» DATA PROVIDED
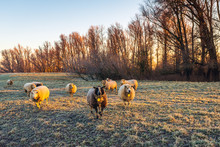 Sheep In Early Morning Sunlight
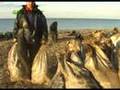 Greenpeace Video - Kerch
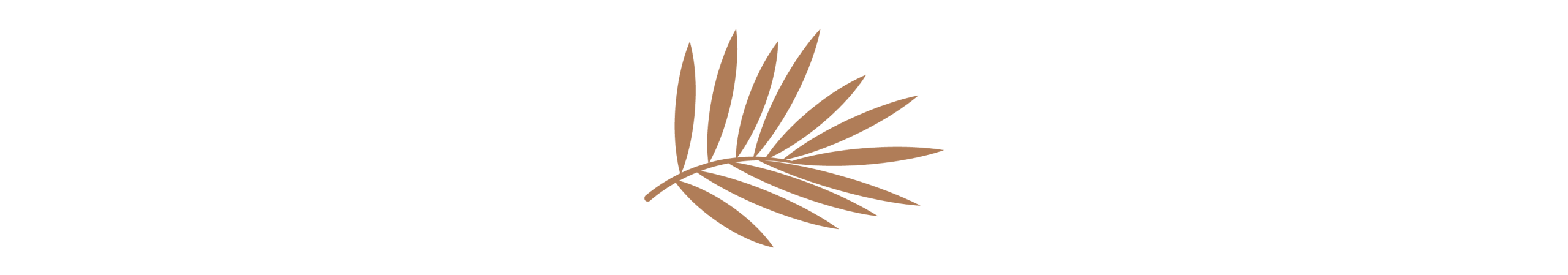 Desert-Pottery-Logo-website-white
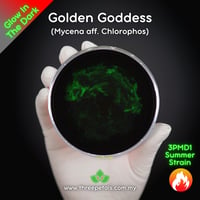Image 1 of Golden Goddess (Mycena aff. Chlorophos) Live Mycelium Mushroom Culture Spawn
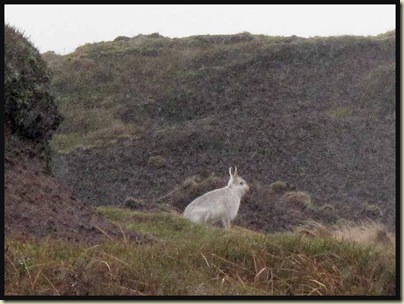 Mountain hare on Bleaklow - they were scampering around everywhere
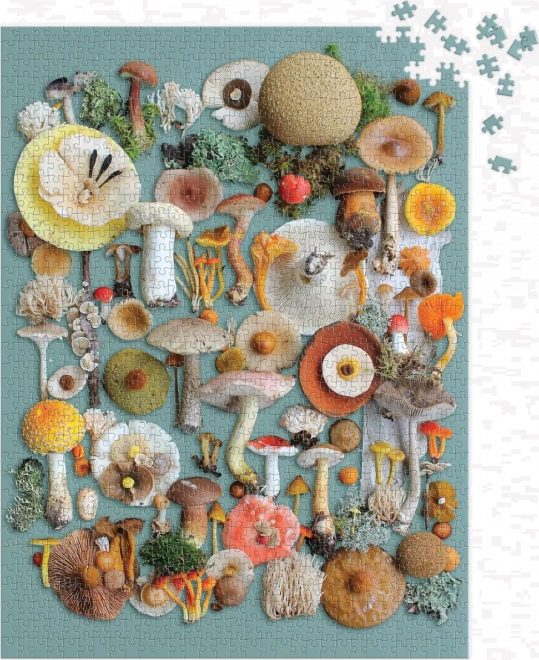 GALISON Puzzle Szüret 1000 darab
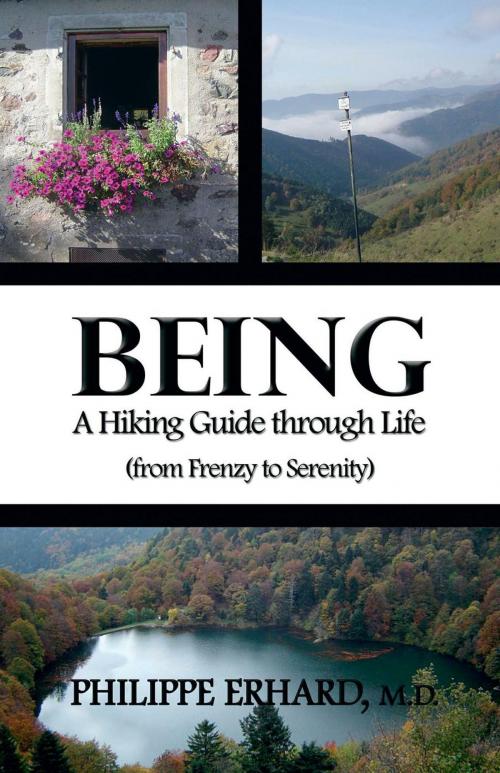 Cover of the book Being: A Hiking Guide Through Life by Dr.  Philippe Erhard, FriesenPress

» WHAT THE TASK REQUIRES
All that is needed here is the run of lines from the one containing "Greenpeace Video - Kerch" through the end of the material above, reproduced exactly and without pictures.

» RESPONSE TO THE TASK
 Greenpeace Video - Kerch
 Desert-Pottery-Logo-website-white
Image 1 of Golden Goddess (Mycena aff. Chlorophos) Live Mycelium Mushroom Culture Spawn
 Mountain hare on Bleaklow - they were scampering around everywhere
 GALISON Puzzle Szüret 1000 darab
 Cover of the book Being: A Hiking Guide Through Life by Dr.  Philippe Erhard, FriesenPress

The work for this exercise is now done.